詞的過片運用異峰突起的手法,由江女湘妃的幽怨轉向靈芝瑞露的贊美,從神話的意境跳回了現實。作者的思緒馳鶩于歷史的長流,由眼前的并蒂荷花聯想到千百年來人們對愛情的贊美和傳誦。五代韓偓的《香奩集》,專意吟唱纏綿悱惻的愛戀之情,以其詩風的香軟靡麗,頗受后人疵議。元好問論詩宗尚豪放剛健,自不會贊賞“香奩集”。但在此處,他卻一反常論,認為《香奩集》之輕柔靡曼固不可取,但韓偓以神界仙境中的靈芝瑞露來形容愛情的永恒,可謂得其精髓。這也是憤激之情而以反語出之。歷史如長河,多少人事,幾經滄桑,早已為人們所遺忘;可是那真誠而熱烈、纏綿而執著的愛情,卻贏得了人們永遠的歌頌和向往。縱使是海水干枯,巖石腐爛,真摯的愛情超越天地而永存! “幽恨不埋黃土”,即謂“黃土埋不住幽恨”。這里的過片,起勢突兀,與上片似斷實聯。上片以江女、湘妃的傳說來映襯并蒂蓮的化生,下片中的“靈芝”、“瑞露”則是傳說的長生不死之物,那種神話的韻味依然貫穿其中。從古至今,多少文人騷客歌吟著江女、湘妃的美好情感,這與“香奩夢,好在靈芝瑞露”是一脈相通。上片詠蓮,寓情于物,經過片轉折,以下直抒情懷,且又將思緒由眼前之景擴展到無限的歷史時空之中,深化了作品的思想內涵。
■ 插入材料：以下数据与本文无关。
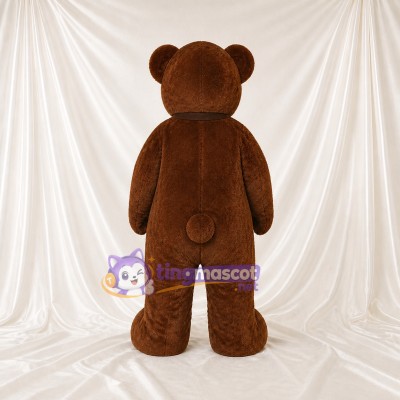 Teddy Bear Mascot Costume Full Body for Adults School Events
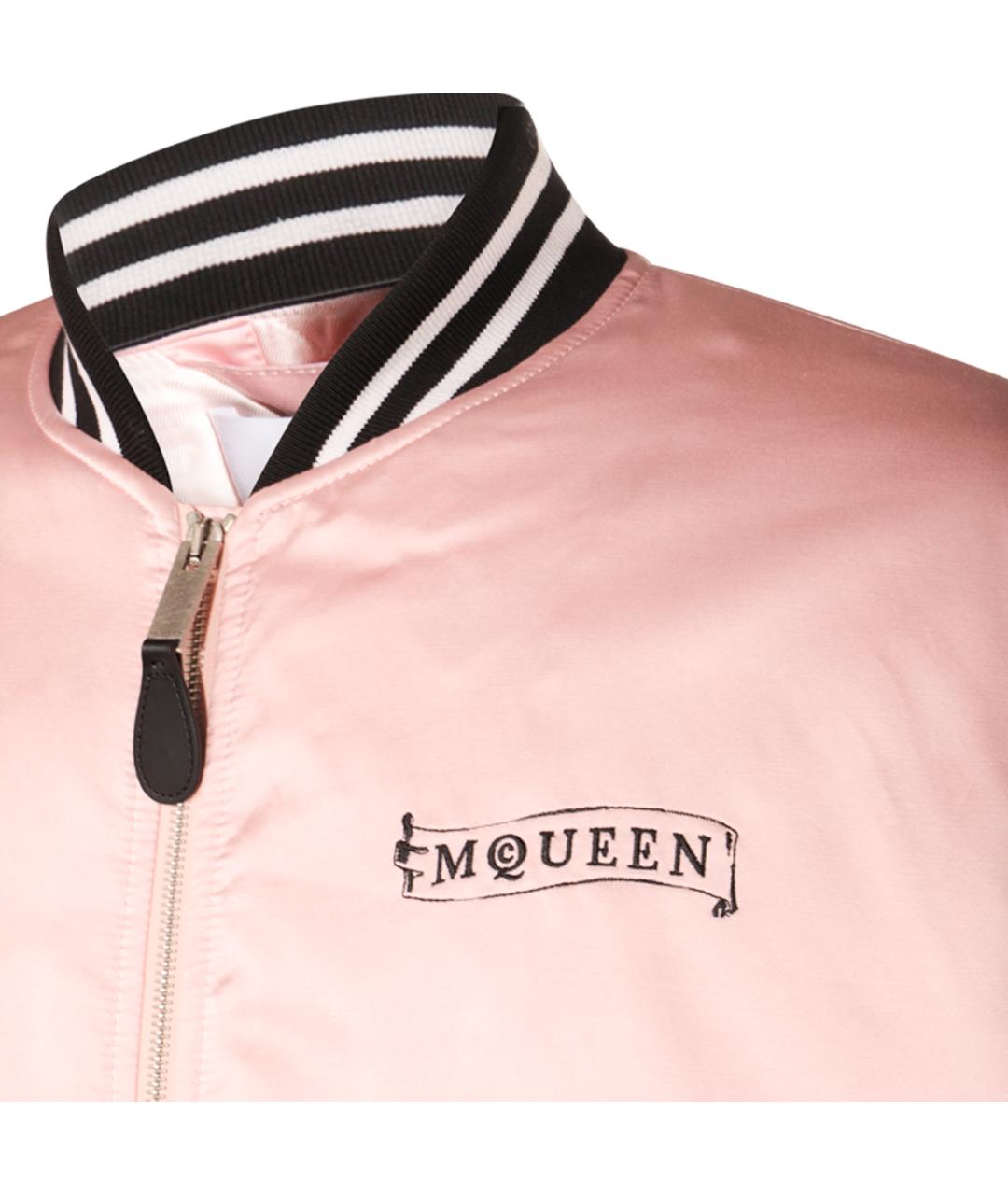 ALEXANDER MCQUEEN Розовая хлопковая куртка, фото 3
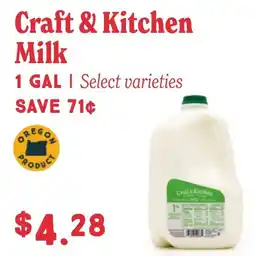 Market of Choice Craft & Kitchen Milk offer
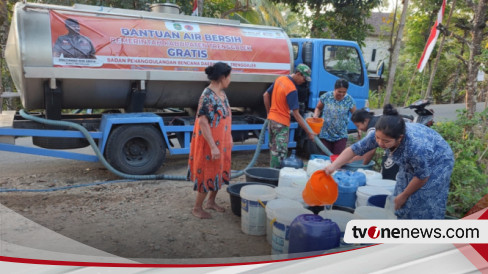 Dampak Kekeringan Di Trenggalek Semakin Meluas, BPBD Tambah Pasokan ...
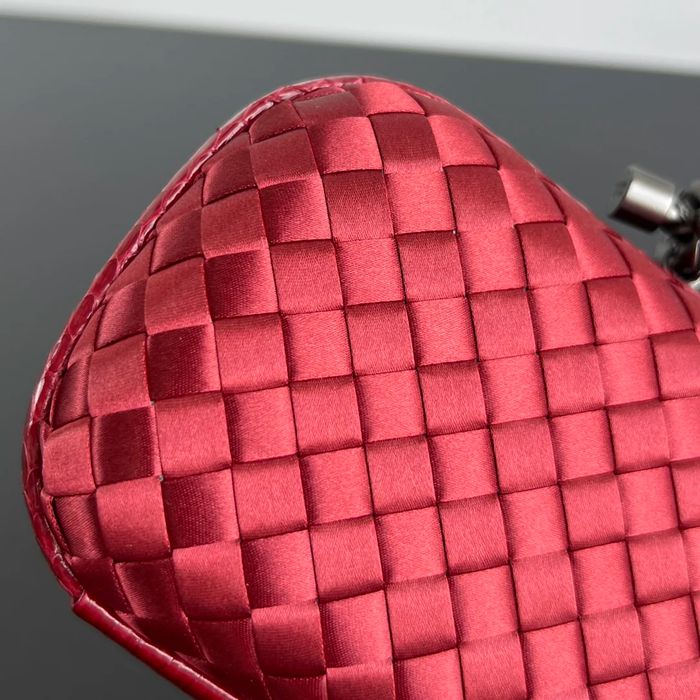 BOTTEGA VENETA BV 8651 ノット イブニングバッグ シルク編み蛇皮トリム 16x10cm サイズ:16x10cm
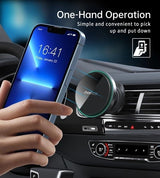 CHOETECH T204-F 15W Magnetic Car Phone Charger with LED Indicator and Aluminium Alloy Design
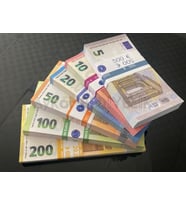 600 ADET KARIŞIK EURO 5-10-20-50-100 VE 200 EURO GEÇERSİZ PARA EĞLENCE OYUN ŞAKA  DÜĞÜN PARASI FİLM PARASI DİZİ ÇEKİMLERİ İÇİN PARALAR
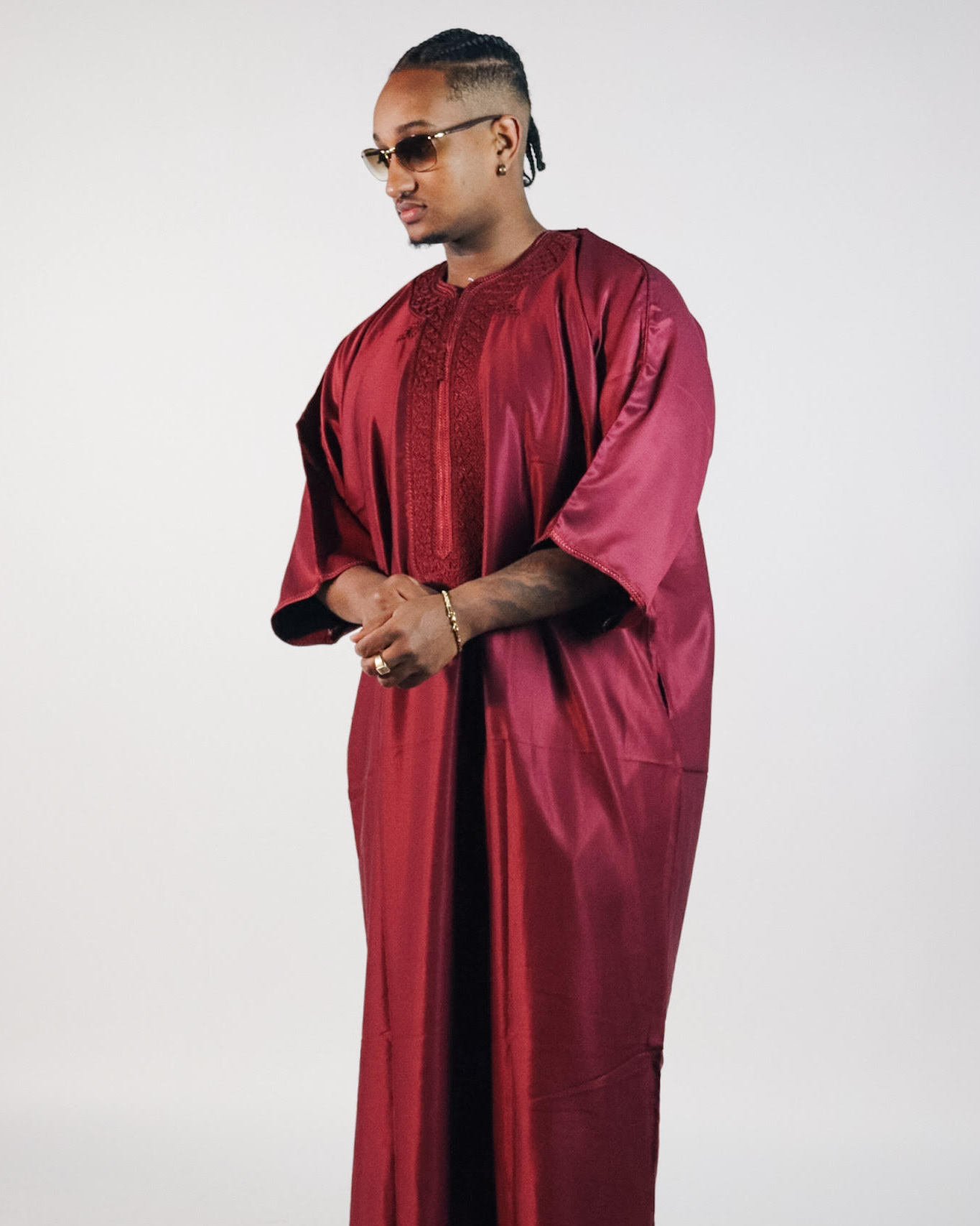 Pomegranate Red Gandoura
“相思樹”以下,情感又一跌宕,委婉曲盡地表達了作者對人世無情的慨嘆,對真摯的愛戀之情的無比珍惜。《搜神記》記宋康王逼死了忠貞不屈的韓憑夫婦,并將他們分葬于大路兩旁。不料宿昔之間,有大樹長于二墓之端,屈體相交,枝葉相摩。上有一對鴛鴦,晝夜悲鳴。宋人因號此木為相思樹。這個故事與本詞所詠并蒂蓮化生的傳說都寄托了人民對犧牲者的同情,對真摯的愛情的美好祝愿。然而,自然界也有風雨霜雪。當深秋降臨,寒風蕭瑟,縱然是相思樹也難免枝葉凋落的凄涼,何況這纖纖臨波的荷花。“無端”即是無情。“相思樹,流年度,無端又被西風誤。”在對自然節候的感嘆中深寓著作者對這冷寞殘酷的世界的憤恨。他長嘆 一聲道:且讓這小船暫停水畔,且再多看一看這脈脈相望的并蒂蓮;只怕下次攜酒重來吊唁,卻是滿塘綠荷枯干,紅花飄落水面,一片凋零凄慘,令人傷心痛惋,何以能堪! “紅衣半落”,自是指蓮的凋落,令人想起趙嘏《長安秋夕》中“紅衣落盡渚蓮愁”之句,也使人聯想到杜牧的“鴛鴦相對浴紅衣”(《齊安郡后池絕句》)。因而回照上片的“雙花脈脈”和“鴛鴦浦”,使全篇渾然一體,以荷花、鴛鴦的雙重意象寄寓對美好愛情的贊頌,對殉情的青年的沉痛悼惜。
這首詞詠物能情態畢具,寫情則誠摯感人。立意高,含蘊深,用典貼切,富有思致。